In 45 years of journalism, I’ve never seen anything like this

Greg Sheridan
Prime Minister Anthony Albanese. Picture Martin Ollman/NewsWire
Prime Minister Anthony Albanese. Picture Martin Ollman/NewsWire

And then there were none.

As the Albanese government makes an almighty mess out of visas for Palestinians from Gaza, spare a thought for another fundamental national security failure, one in which its words before the election were fine, and its record after the election dismal.

Before the election, Anthony Albanese expressed admiration for John Howard and presented himself as Bob Hawke in modern guise. Both Howard and Hawke were very strong on national security.

Albanese made big promises on national security. Almost everything he promised has come to nothing. One of his commitments was to Australia having a commercial fleet, a merchant navy.
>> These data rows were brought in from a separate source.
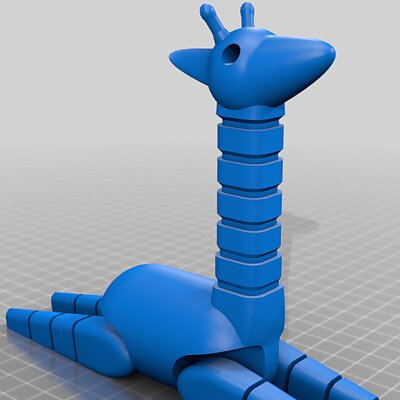 Giraffe Toy Improved Printability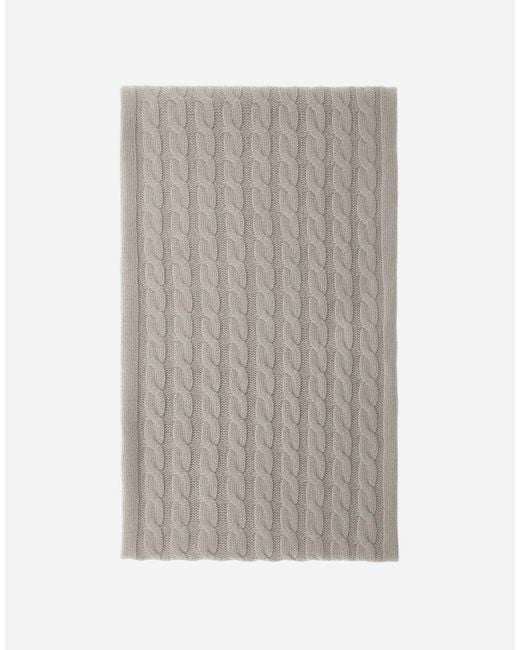 SCIARPA IN ETERNITY CASHMERE CABLE di Herno in Gray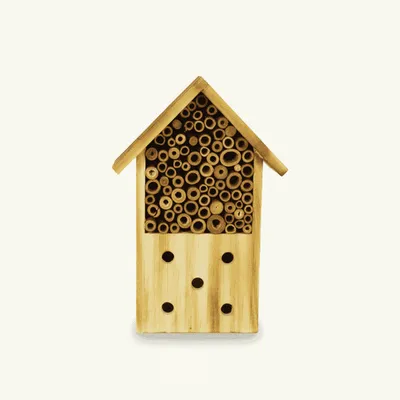 Wooden Insect House Small Craft Bee Hotel Hanging Bug Shelter Custom Made - 2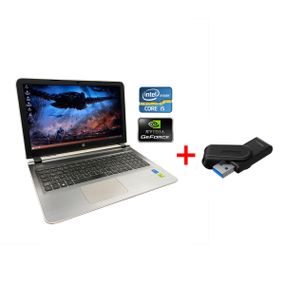 Ноутбук HP Pavilion 15 / 15.6" (1920x1080) TN / Intel Core i5-6200U (2 (4) ядра по 2.3 - 2.8 GHz) / 8 GB DDR3 / 256 GB SSD / GeForce 940M, 2 GB DDR3, 64-bit / WebCam / Win 10 Home б/в + Подарунок Флешка Kingston 64GB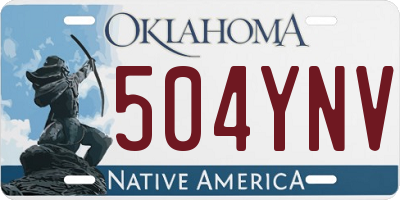 OK license plate 504YNV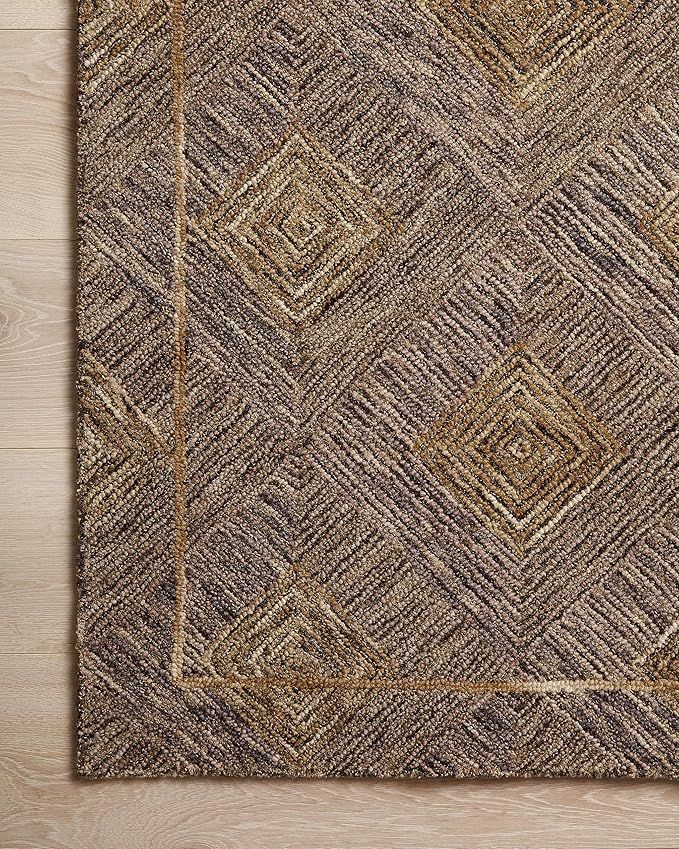 Loloi Varena Collection VAR-04 Plum/Gold 9'-3" x 13' Area Rug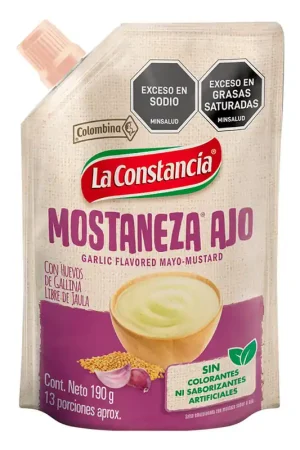 Artigianale Salsa La Constancia mostaneza ajo x190g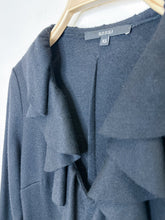 Load image into Gallery viewer, 3/4 Sleeve Fitted Dress with Ruffled V-Neck
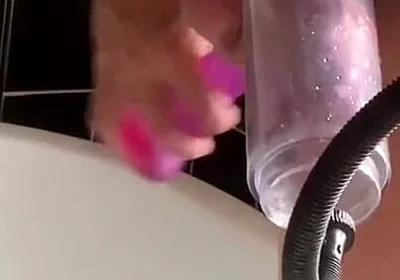 Dildo Stretching in the Bath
In emergencies governments can requisition ships that carry their national flag.

When Labor came to office there were two Australian-flagged international merchant ships. Now, at the end of a full term, there are none. There has of course been a review. There are of course future plans.

But more important than what governments say is what they do, and here we have nothing. There are a few modest vessels that chunter between mainland Australia and Tasmania but none that work internationally. Union power means we’ll never have such a fleet. In the contest of union power versus national security, the Albanese government abandons national security.

‘Weakness at its worst’: Dan Tehan blasts Anthony Albanese as ‘gutless’

Forget about AUKUS. In any national crisis where our sea lines were cut, we’d last about five minutes. Supply-chain security is non-existent.

“And then there were none” describes much of the government’s national security policy. In Defence, a thousand reviews and plans have yielded, so far, nothing. Our defence force is substantially weaker than when the Albanese government came to office.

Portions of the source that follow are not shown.